[Records provided Boundary: Start]
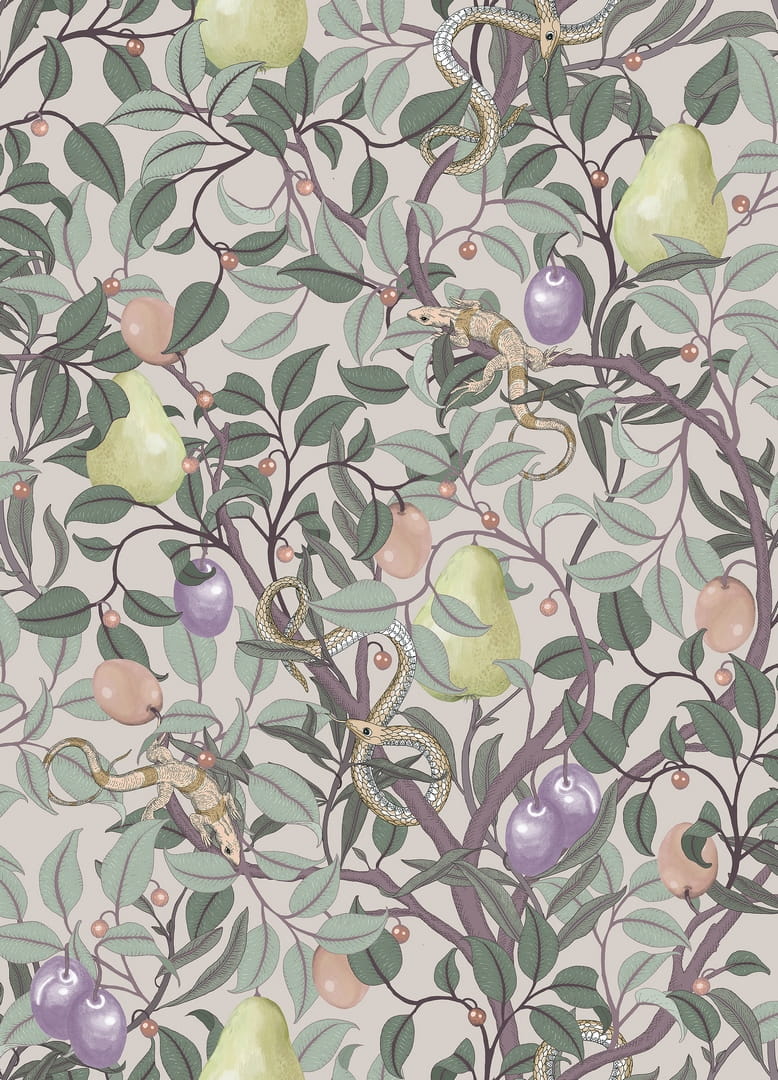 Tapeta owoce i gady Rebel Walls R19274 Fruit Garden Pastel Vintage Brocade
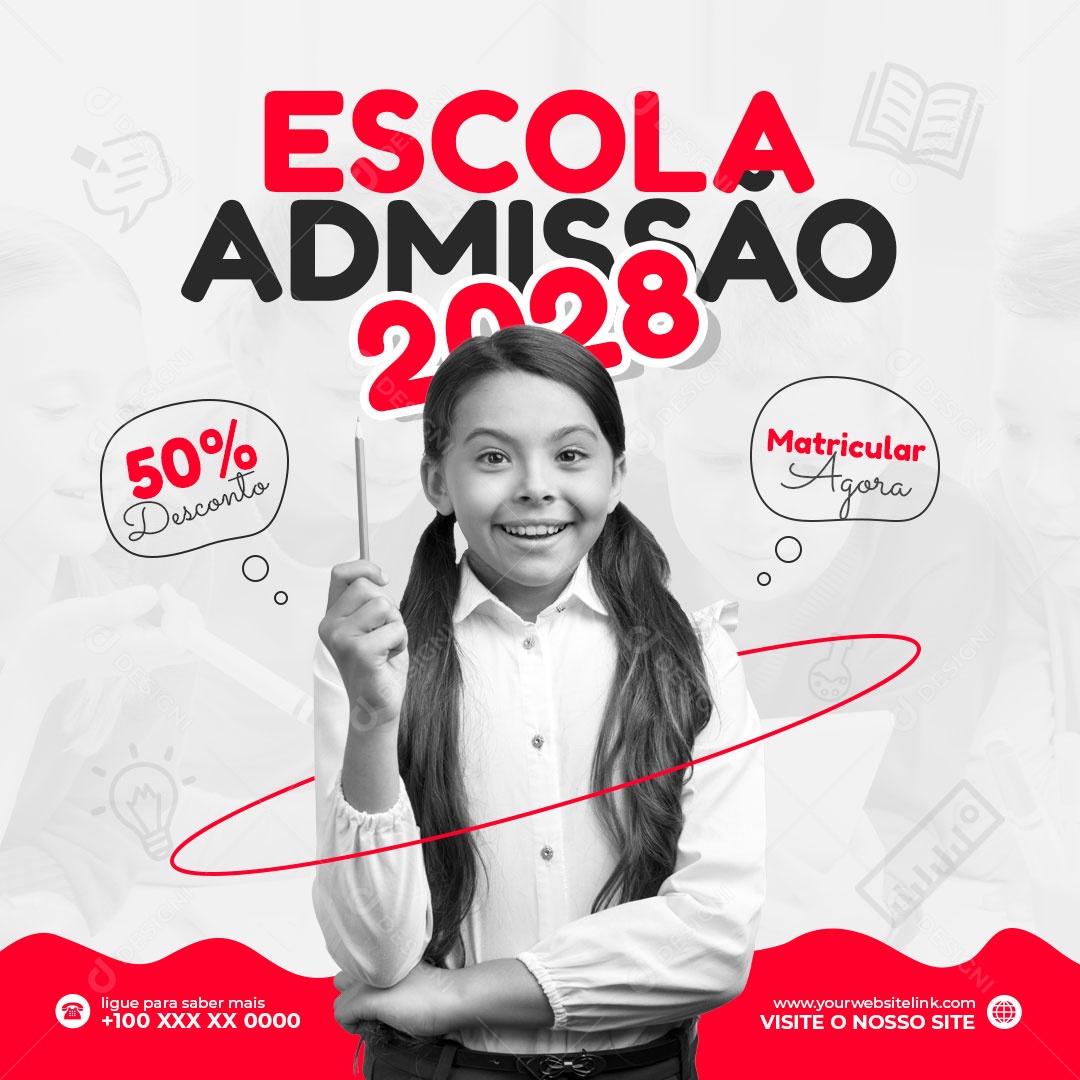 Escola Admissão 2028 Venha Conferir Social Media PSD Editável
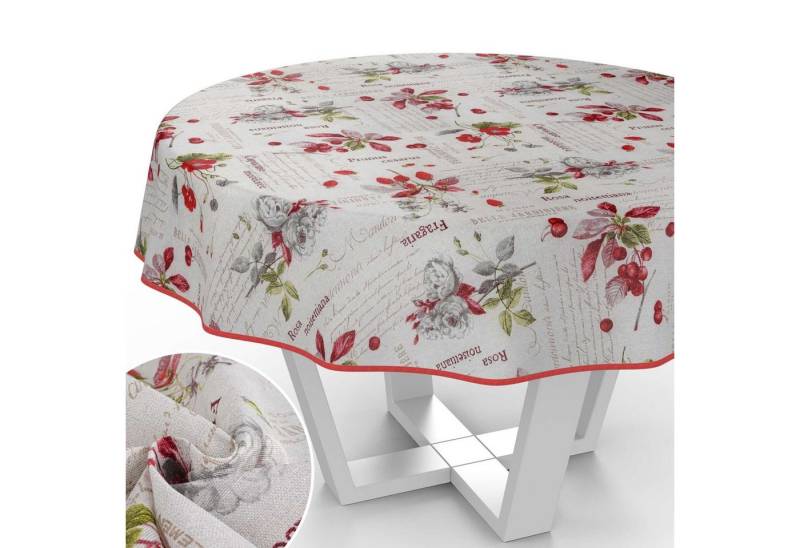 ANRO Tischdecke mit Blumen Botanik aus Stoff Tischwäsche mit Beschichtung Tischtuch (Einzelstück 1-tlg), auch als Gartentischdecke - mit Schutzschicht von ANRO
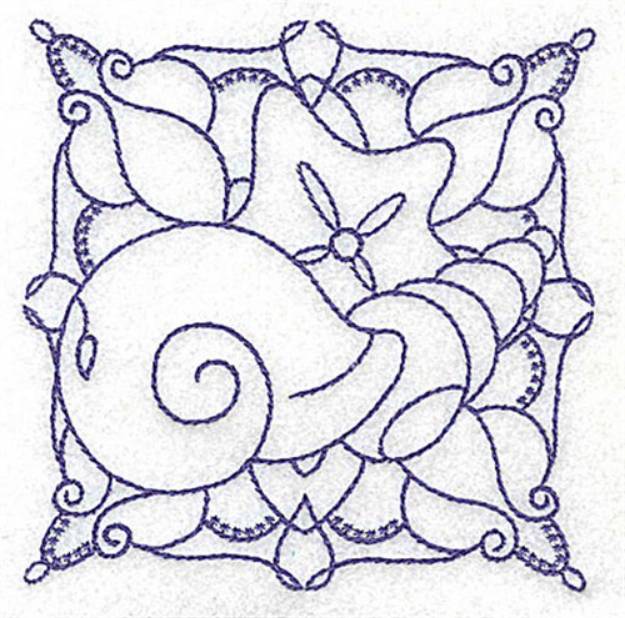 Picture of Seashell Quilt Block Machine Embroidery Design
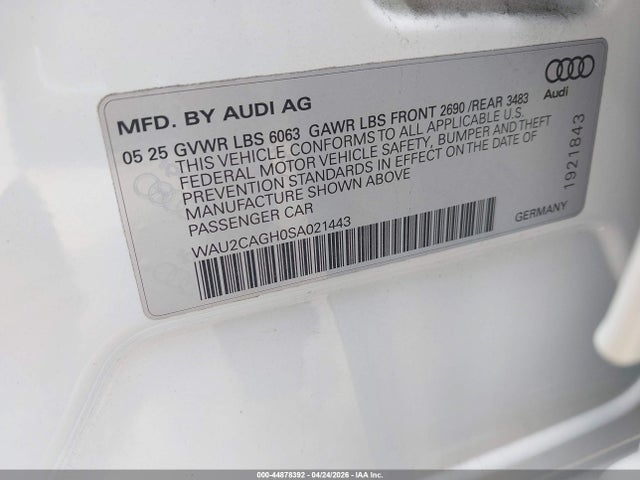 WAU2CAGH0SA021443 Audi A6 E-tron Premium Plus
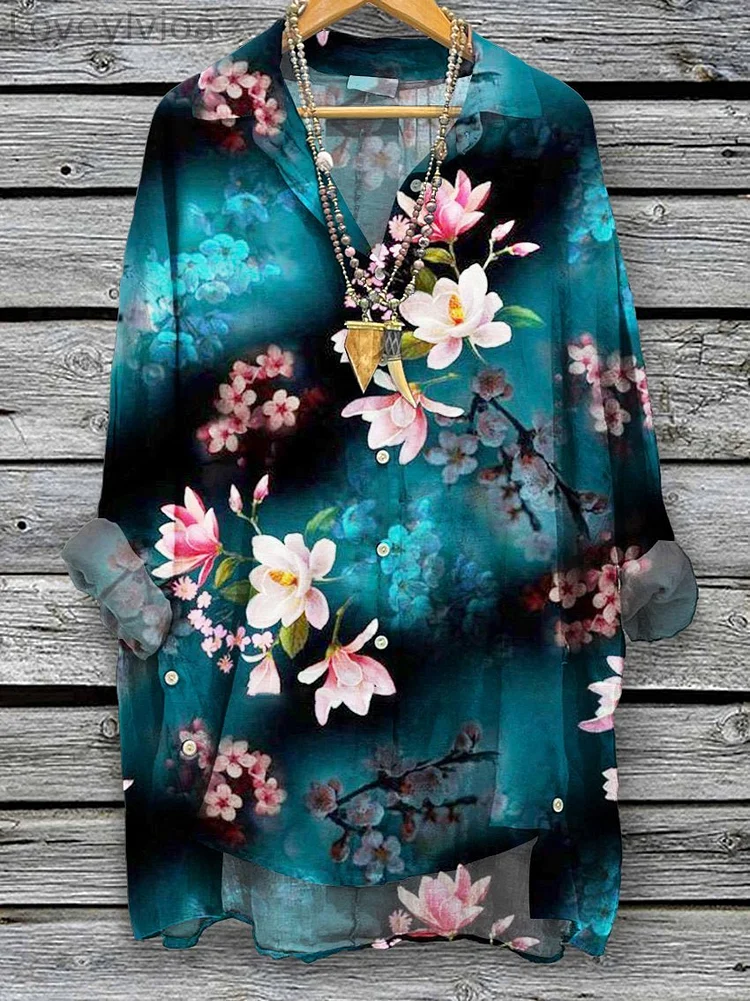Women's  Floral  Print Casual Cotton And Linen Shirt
[Records provided Boundary: End]
Task to complete:
What you write must match, line for line, the records from the line containing "WAU2CAGH0SA021443 Audi A6" through the last line, with every picture left out.

Reply:
 WAU2CAGH0SA021443 Audi A6 E-tron Premium Plus
Women's  Floral  Print Casual Cotton And Linen Shirt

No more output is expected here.